On the fourth day of the Russian invasion of Ukraine, residents of the capital of attempted to stock up on food ahead of the curfew imposed on the city. But many store shelves were already empty, with supplies unable to reach local supermarkets.
"I've never seen such long lines," said one resident of the city on Friday. But even those who managed to enter the shop found there was little left to buy.
"The woman in line before me took the last two remaining lemons," the woman said. "I grabbed the last pack of noodles, yeast to bake bread and some candy," she said, adding that despite the long line, people exhibited "exemplary" behavior. "People helped each other, letting the elderly in first."
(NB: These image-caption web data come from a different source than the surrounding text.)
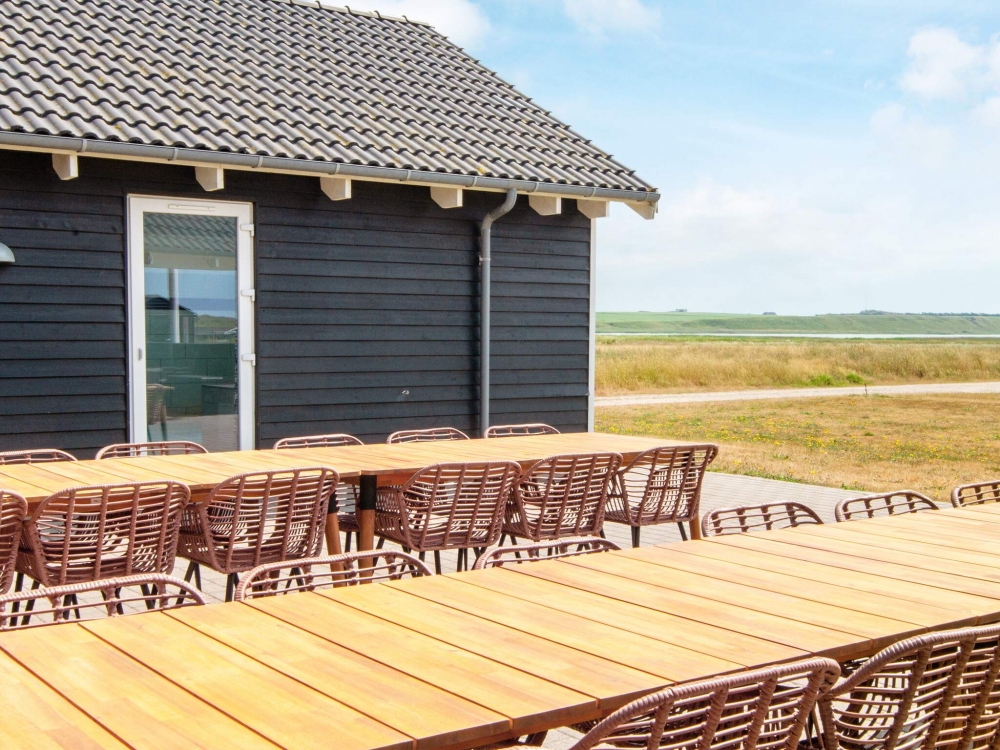 På terrassen i sommerhus nr. 293 er der plads til 22 personer.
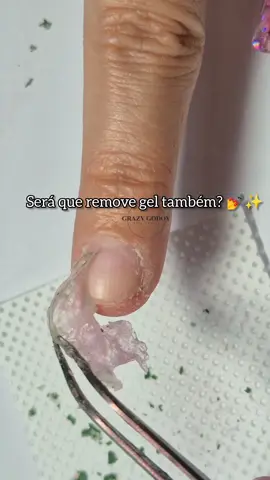 Será que dá pra remover gel sem broca? 😍💅  Testei o Magic Remover da @Helen Color para remover gel, e mostrei como usar com segurança! 😍 ⚠️ Nunca encoste na unha natural ou na pele, use luvas e óleo ou vaselina ao redor da pele. Ideal para remover Esmaltação em gel em cima da /Soft Gel.  Qual seu método favorito: broca ou removedor? Comente! 💬  #magicremover #esmaltegel #softgel #remocaoalongamento #tiktokshop1212br 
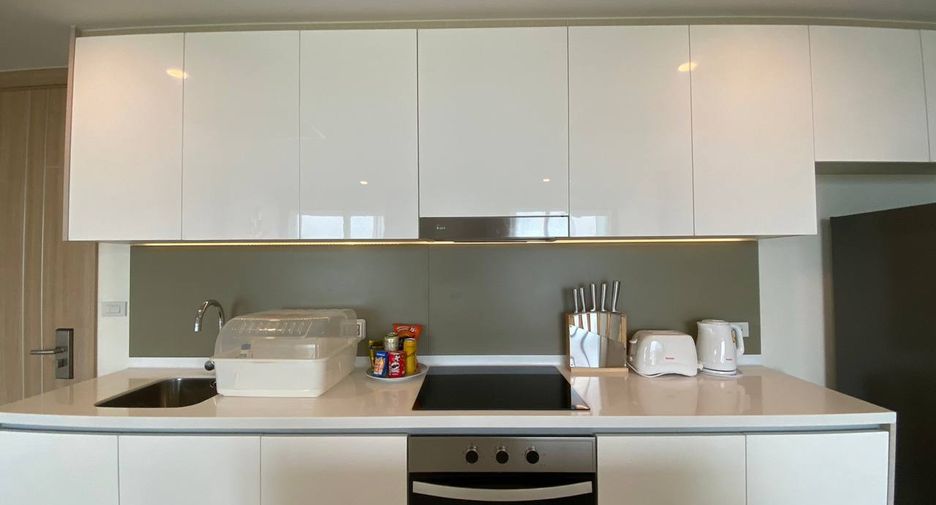 For rent 2 bedrooms condo in Bang Lamung, Chonburi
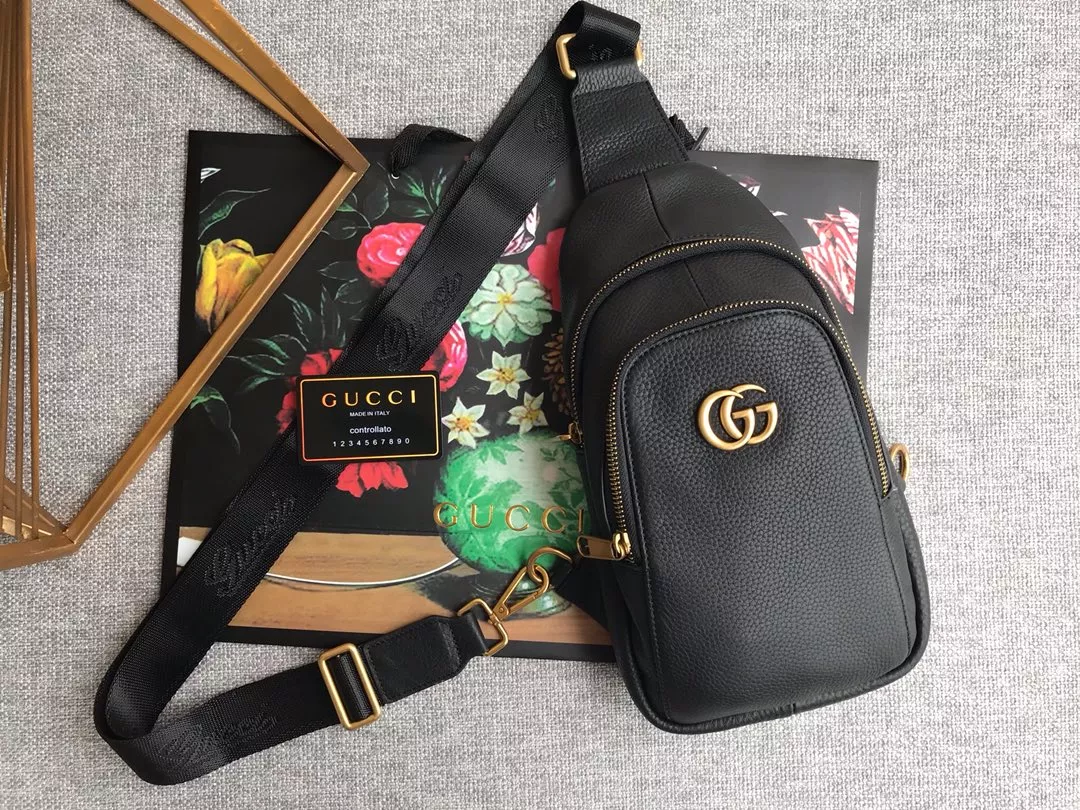 Gucci AAA Man Messenger Bags Classic 9174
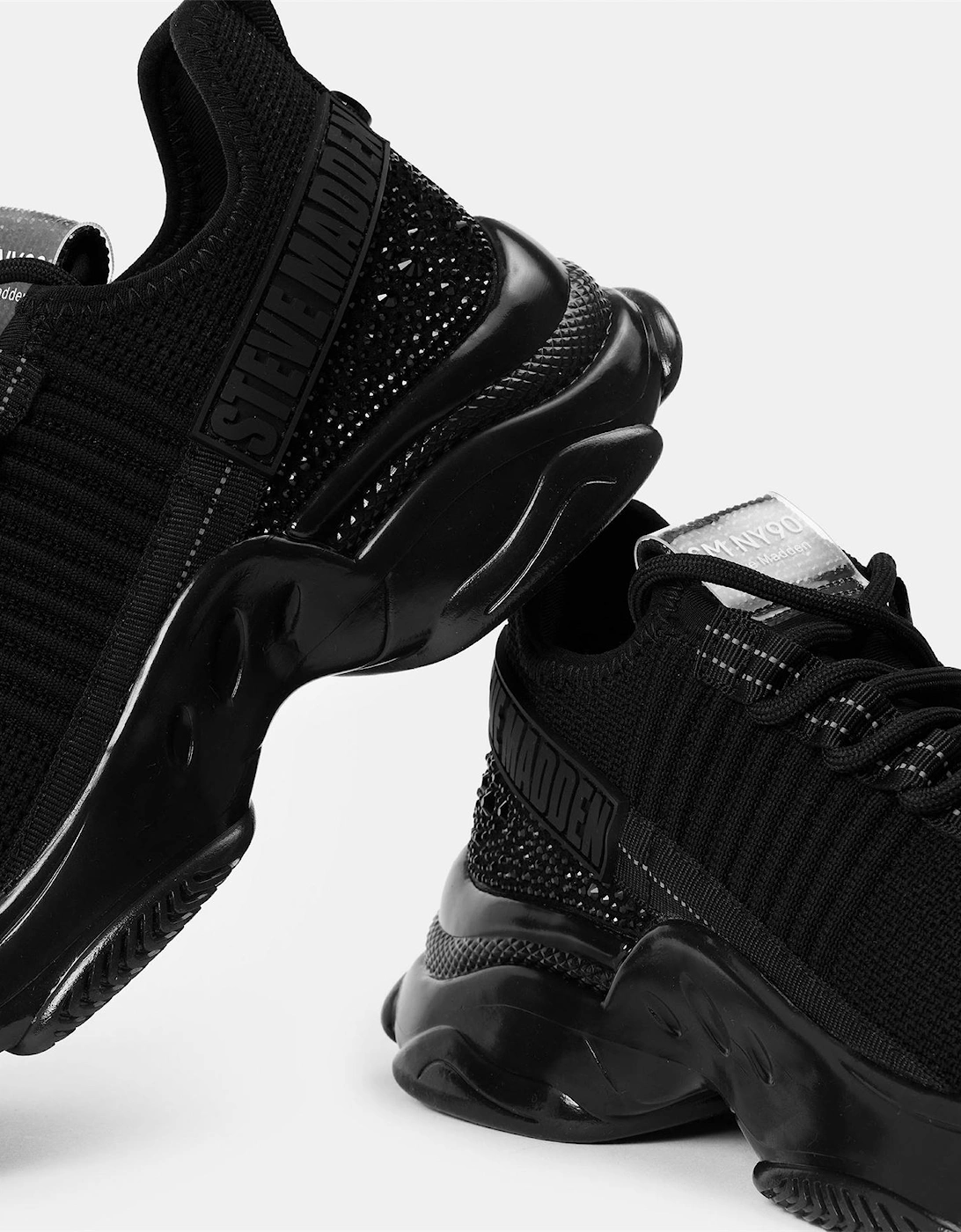Maxilla Low Top Runners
Among NGO's tying to help is Israel's Yad Ezer food charity from Haifa, which sent Israeli volunteers to join local Jews and distribute food not only to the Jewish community, but also to other displaced Ukrainians.
"We sent a truck full of food from Odessa and are distributing food in Lviv, Kyiv and elsewhere," CEO Shimon Sabag said.
"We have a Magen David marking on our vehicles and are interviewing in local and international media outlets so that Jews in the world see what we are doing and can donate to help us.
"It is hard to see hungry children," he said. "These are tragic times and I am worried about the humanitarian cost to innocent civilians. Russia could bring chaos to all of Europe and I want to show solidarity with the Jews of Ukraine," he said.
"This is an opportunity for Israelis to show solidarity."